A casa vazia. Crônica de Cidinha da Silva no jornal Rascunho.

Acordar é me saber viva na casa vazia, cambalear de sono até a varanda para assistir ao Sol nascer, iludida de que você surgirá e abraçará minhas costas, como o rastro de fumaça perfumada que ainda ficou nos primeiros dias. Deixei as janelas fechadas pra que o cheiro do teu cachimbo não fugisse pelas frestas. Guardei as cinzas de teu fumo de ervas numa caixinha pra respirar quando tua ausência fosse insuportável. Os dias de pesadelo são os piores. Pesadelo reforça o sentimento de solidão, de desamparo, mas as noites de sonho nem sempre são boas.
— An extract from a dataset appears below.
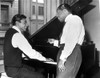 Johnny Mathis by a piano Photo Print - Item # VARCEL683581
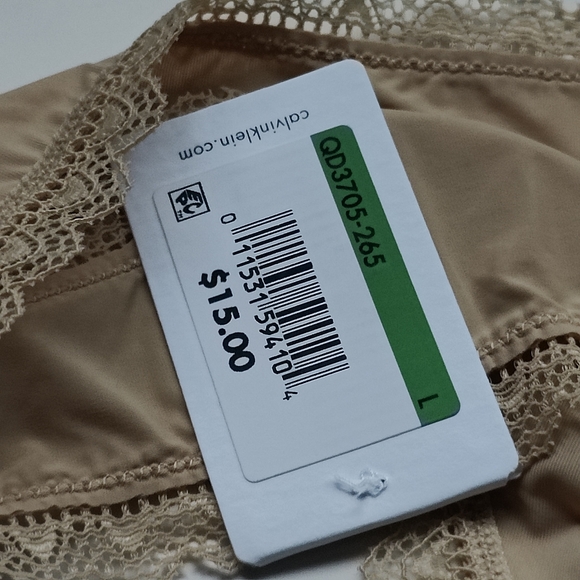 NWT CALVIN KLEIN FLIRTY MICRO THONG PANTY IN DESERT SIZE LARGE - Picture 4 of 5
Sonhar nem sempre é bom, é trabalho no que fica adormecido, escondido, também cansa. Nessa hora triste do mundo, as notícias das ilhas humanas chegam pelas telas, pequenos visores a promover encontros. De ti, nenhuma notícia, seguramente porque as crias não te permitem ser a ilha que gostarias, e gostar delas é uma coisa, gostar de ser mãe é outra. Queria te contar uma novidade: agora sou parceira da nossa cantora predileta. Ela musicou um poema do livro de que você mais gosta, seu livro. Quando recebi o áudio, ouvi a música por umas três horas seguidas, só eu e os fones, em segredo, enquanto trabalhava. Eu não queria que as paredes ouvissem, só faria sentido se pudessem contar pra você. É bonita, um arranjo leve de piano pros meus versos sem rima. Você está rindo, eu sei. Os poemas daquele livro são anteriores à tua chegada, é que a poesia, desde sempre, anunciava tua vinda. Acho que você choraria ao ouvir a música, talvez chore ao ouvir meu amor derramado na voz da nossa cantora, meu poema seu, meu amor-você, Yauaretê-mirim.